Petrus Abelardus (in het Engels 'Abelard' of 'Abailard') werd geboren in 1079 in Le Pallet in Brittannië en blies in 1142 zijn laatste adem uit.1 Hij werd 'de Socrates van Gallië' genoemd,2 en bij zijn dood eerde de abt van het klooster in Cluny hem door hem te benoemen als 'een veelzijdig genie, subtiel en scherpzinnig'.3 Onder zijn voortgebrachte filosofische werken valt ook zijn ethische werk dat de titel draagt 'Ken Uzelf' ['Scito teipsum'], waarschijnlijk geschreven in de periode dat hij les gaf in Parijs.4 Dit werk is overigens ook bekend met de titel 'Ethiek'.5 Nu zijn werken over ethiek op zich altijd al interessant om te beschouwen. Des te interessanter wordt het wanneer een dergelijk werk verondersteld wordt gevloeid te zijn uit de pen van een veelzijdig geniaal, subtiel en scherpzinnig filosoof. Of Abelardus een dergelijke status met recht draagt kunnen we hier voor het moment in het midden laten, echter dergelijke woorden moeten toch voldoende motiveren om met een open en nieuwsgierige houding Abelardus' ethische werk aandachtig te beschouwen. Laten we daarom zijn werk 'Ken Uzelf' ter hand nemen en bezien wat Abelardus ons op het gebied van ethiek wil aanreiken.

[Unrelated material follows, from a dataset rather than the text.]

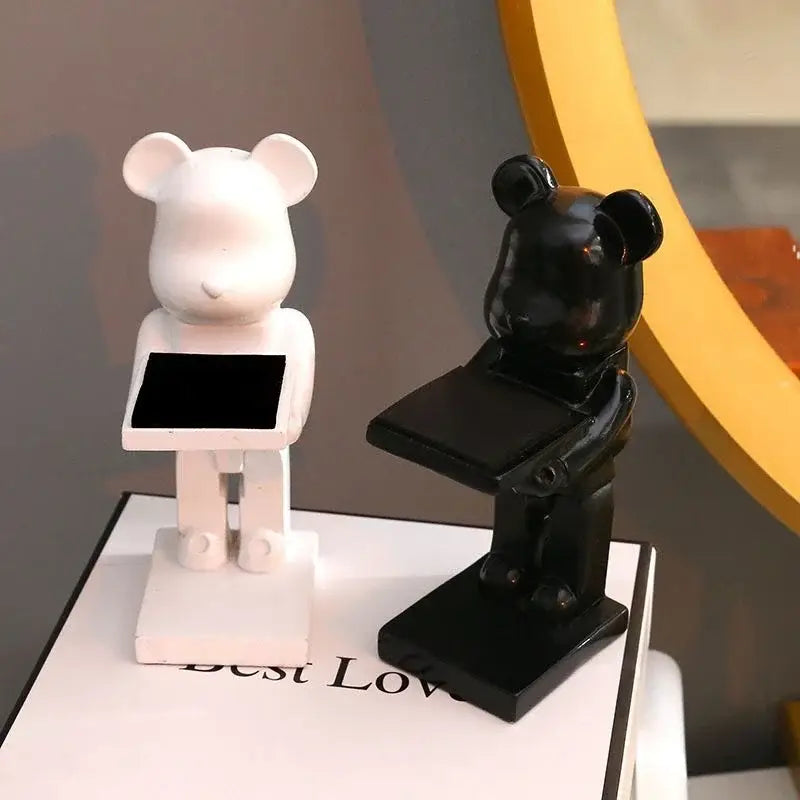 White and black glossy bear statue watch racks each holding a tablet display for bedroom storage stand use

De titel van de tekst is dus 'Ethiek' of 'Ken Uzelf', waarbij de eerste titel waarschijnlijk toch wel de meest passende is. Abelardus' werk is namelijk inderdaad een ethisch werk, waarin echter niet expliciet naar het gebod van de tweede titel wordt verwezen. Een ethisch werk dus, en het is logisch dat Abelardus als monnik in de Christelijke middeleeuwen zijn ethische beschouwing laat plaatsvinden tegen de achtergrond van zeer Christelijke thema's als 'God' en 'zonde'. Het is dan ook tegen deze achtergrond dat Abelardus tot een schets komt van zijn centrale thema in de ethiek, namelijk; intentie. Hoe deze achtergrond en dit centrale thema zich in zijn tekst laten kennen zou duidelijk moeten worden aan de hand van de tekstbespreking. Om de oorspronkelijkheid van de tekst zoveel mogelijk te bewaren is er voor gekozen om de lijn welke Abelardus hanteert aan te houden. Deze lijn had door hem zeker gestructureerder uitgezet kunnen worden, maar door herhalingen en bijzaken uit de tekst niet op te nemen kan Abelardus' lijn toch als een uitstekende leidraad dienen om tot een beknopte bespreking van zijn tekst te komen.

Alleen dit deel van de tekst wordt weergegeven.